Jeudi 11 décembre 2008
Monsieur le Président de la République
et président de l'Union européenne,

En ce jour du 60ème anniversaire de la Déclaration Universelle des Droits de l'Homme, si les Français ont oublié ce qu'était la torture et les effets de la dictature (contrairement à beaucoup de pays dans le monde), les patients que nous recevons dans nos centres de soins, eux, ne l'ont pas oublié.
Demandeurs d'asile ou réfugiés, originaires de pays d'Afrique, d'Asie ou d'Europe de l'Est, ils subissent au quotidien les séquelles de la torture : angoisses, cauchemars, réminiscences, irritabilité, etc.
Pour que ces séquelles s'effacent et puissent laisser place à une vie reconstruite, il est essentiel que les survivants de la torture soient soignés.
C'est grâce aux soins que ces survivants, ces surhommes et ces « wonder-women » mais aussi ces enfants, qui ont déjà réussi à survivre au pire et ont dû traverser des épreuves inimaginables pour arriver en France, peuvent se reconstruire un avenir.
Il est essentiel aussi qu'ils soient reconnus au plus vite à leur arrivée en France pour que les soins spécifiques dont ils ont besoin puissent leur être prodigués et pour que la procédure de demande d'asile soit adaptée à la réalité de leur souffrance.

Or aujourd'hui plus que jamais, et malgré le fait que les législations européennes et nationales reconnaissent ces soins comme un droit, la réalité est tout autre.

La directive « Accueil » 2003/9/CE oblige les gouvernements européens à financer des soins spécifiques pour les victimes de torture. Pourtant, très peu de gouvernements européens ont jusqu'à présent assumé pleinement leurs responsabilités. Les centres dépendent donc fortement des financements de l'Union européenne et du Fonds de Contribution volontaire des Nations Unies pour les Victimes de Torture (UNVFVT). La situation financière des centres se trouve davantage menacée depuis 2007 : la Commission européenne finançait jusqu'alors les centres de soins pour victimes de torture, indépendamment de leur situation géographique. En 2007, elle a annoncé vouloir se désengager du financement des centres situés dans l'Union européenne en s'appuyant sur la directive « Accueil », mais sans pour autant s'assurer de la réalité des financements gouvernementaux au niveau national.
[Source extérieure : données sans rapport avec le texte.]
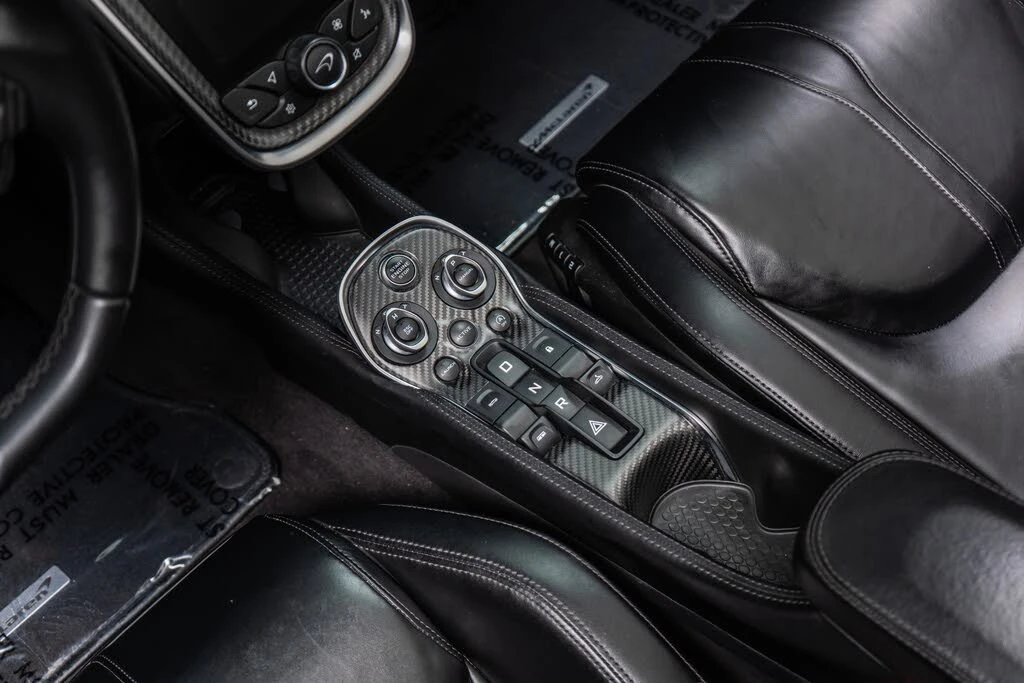 2020 McLaren 570S Spider - Image 26 of 31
La situation en Europe des centres de soins pour victimes de torture est donc critique.
A ce jour, six centres en Europe sont condamnés à la fermeture, dans un délai allant de quelques jours à quelques mois : en Grèce, en Roumanie, en Italie, en Irlande dans l'Union européenne mais aussi au Kosovo et en Moldavie aux frontières extérieures de l'Union. En France aussi, la fin des financements en 2010 laisse craindre le pire pour tous les centres, et notamment pour Parcours d'Exil, qui reçoit environ 900 patients par an.
Chaque fermeture a pour conséquence immédiate l'abandon de l'aide auprès de plusieurs centaines de personnes, puisque le relais n'est pour le moment jamais pris par les Etats.

Il est crucial qu'une action politique, symbolique et humanitaire forte soit mise en œuvre de façon urgente pour que ces centres soient maintenus mais surtout pour que les gouvernements de l'Union européenne prennent conscience de l'urgence et assument leurs responsabilités vis-à-vis des victimes de torture. L'Europe doit être un modèle pour le reste du monde en matière de soins aux victimes.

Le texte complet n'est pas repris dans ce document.